Es la dificultad que surge cuando interiormente, casi sin darse cuenta, él o ella piensan que “ya si eso…”. Si  las cosas no van bien… lo dejamos. Desde el momento en que al casarse se admite una posibilidad de fracaso, ya las cosas no serán nunca las mismas. Una persona está dispuesta a desvivirse por quien es su esposa o esposo para siempre, sin lugar a dudas. Uno de los problemas más graves que tiene nuestra sociedad es la admisión, como lo más natural, del divorcio. El daño que hace una legislación divorcista es irreparable, lo estamos viendo y viviendo con demasiada frecuencia.

Puede decirse que fuera del matrimonio estrictamente católico es muy difícil encontrar fidelidad hasta la muerte.

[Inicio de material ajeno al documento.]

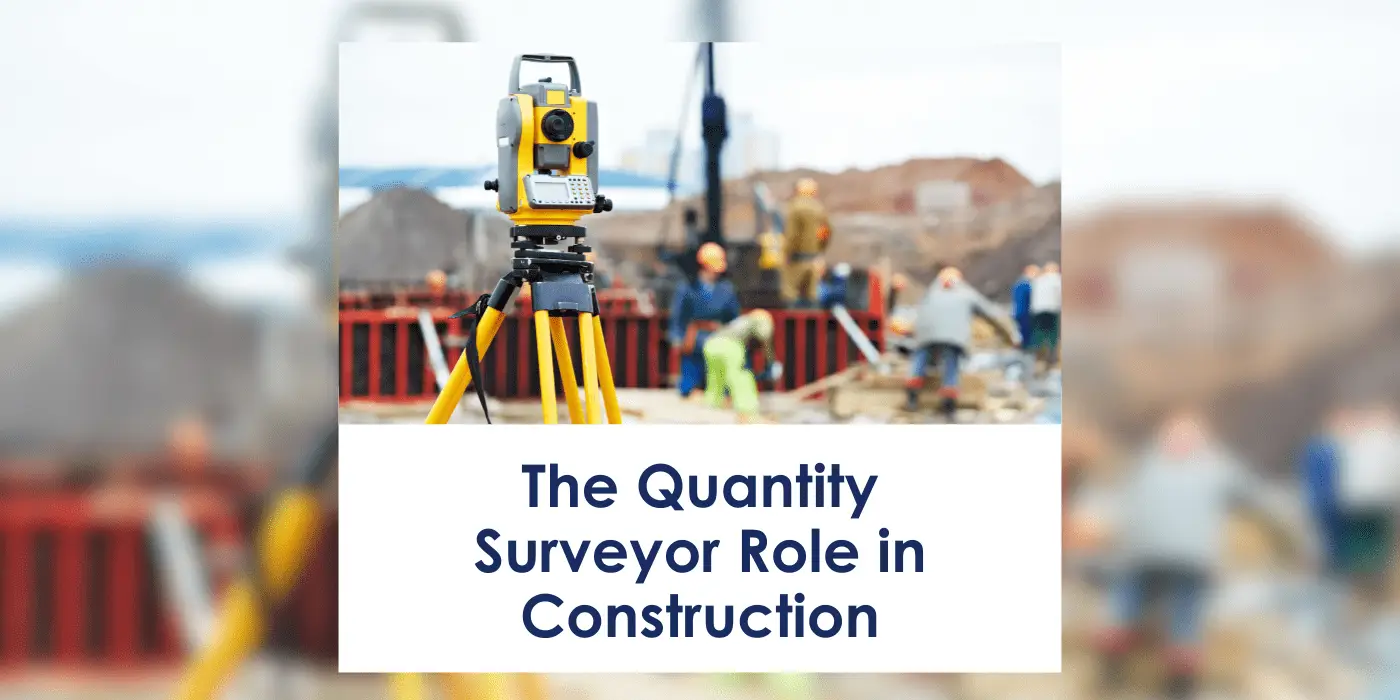 The Quantity Surveyor Role In Construction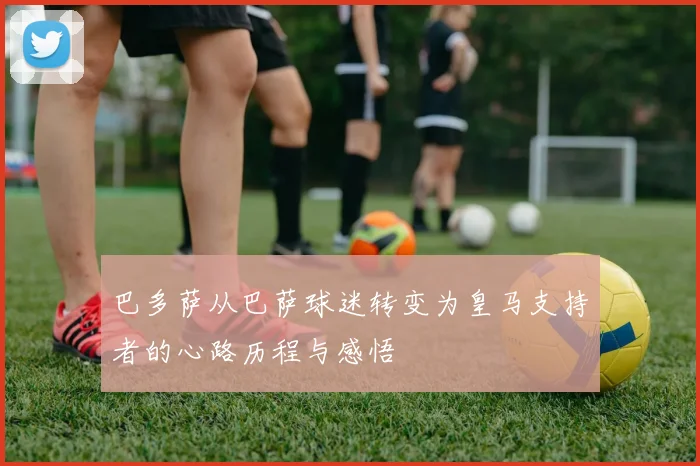 巴多萨从巴萨球迷转变为皇马支持者的心路历程与感悟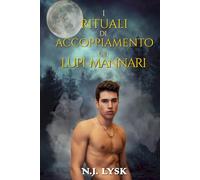 I Rituali di Accoppiamento dei Lupi Mannari: Romanzo M/M/M Mpreg (I Lupi Mannari di Winderemre)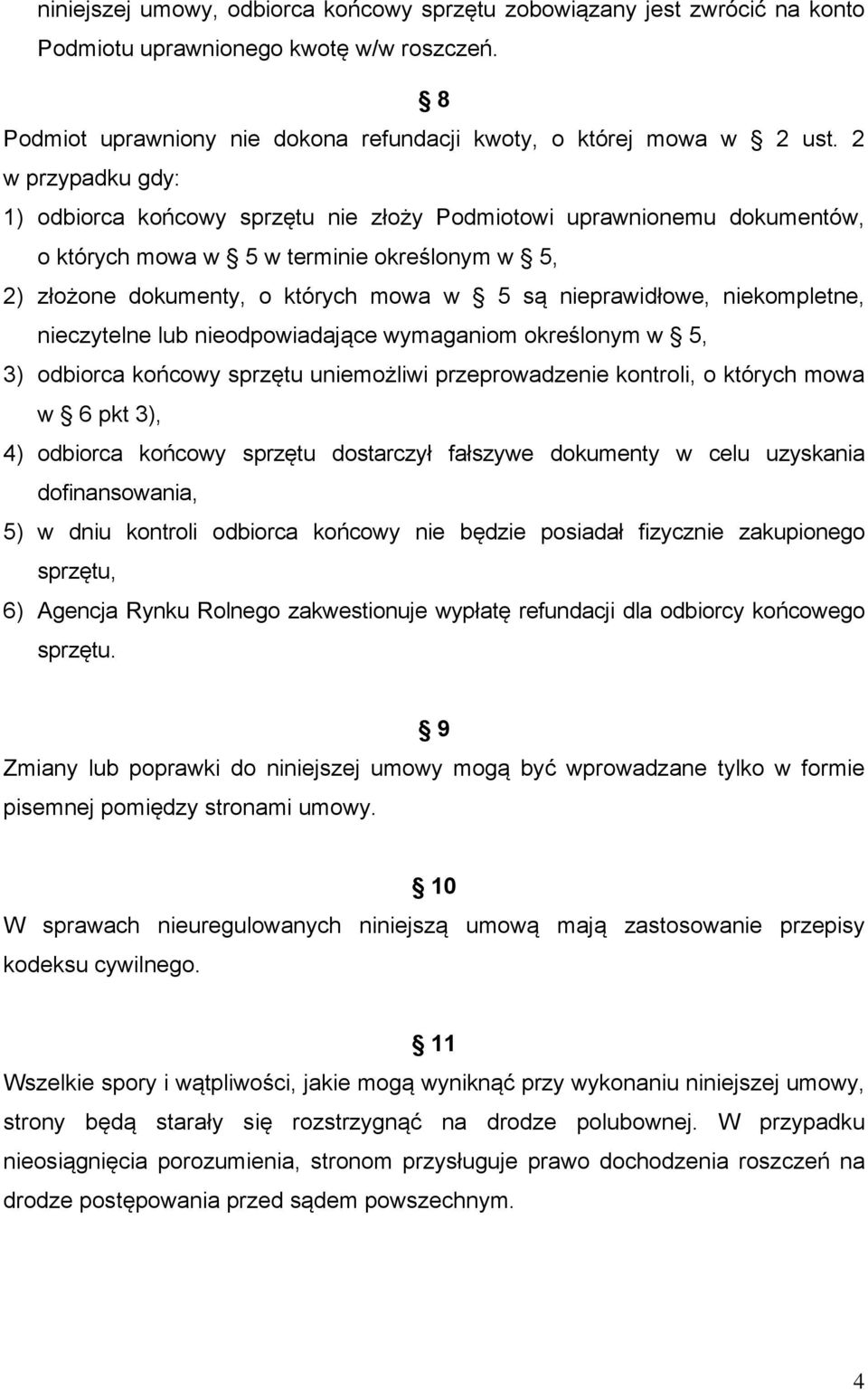 niekompletne, nieczytelne lub nieodpowiadające wymaganiom określonym w 5, 3) odbiorca końcowy sprzętu uniemożliwi przeprowadzenie kontroli, o których mowa w 6 pkt 3), 4) odbiorca końcowy sprzętu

Esa fidelidad supone un amor muy grande, y para que haya un amor muy grande, debe estar en continuo crecimiento. Lo que no crece disminuye. No nos engañemos, las relaciones no se mantienen en una estabilidad fría sin más. También pueden fallar los matrimonios católicos, pero es porque son no pocos quienes se casan por la Iglesia por el ornato y la imagen.

El problema que nos rodea es la mentalidad extendida y difundida por todos los medios de comunicación de que el divorcio es algo normalísimo. Se habla de ciertos personajes públicos enumerando las parejas sucesivas en su vida. Como lo más natural. Así las cosas en cualquier matrimonio, en la medida en que surge una dificultad, se adivina en el horizonte la opción de ruptura, ruptura que la sufren los dos cada uno según su situación y los hijos si los hay.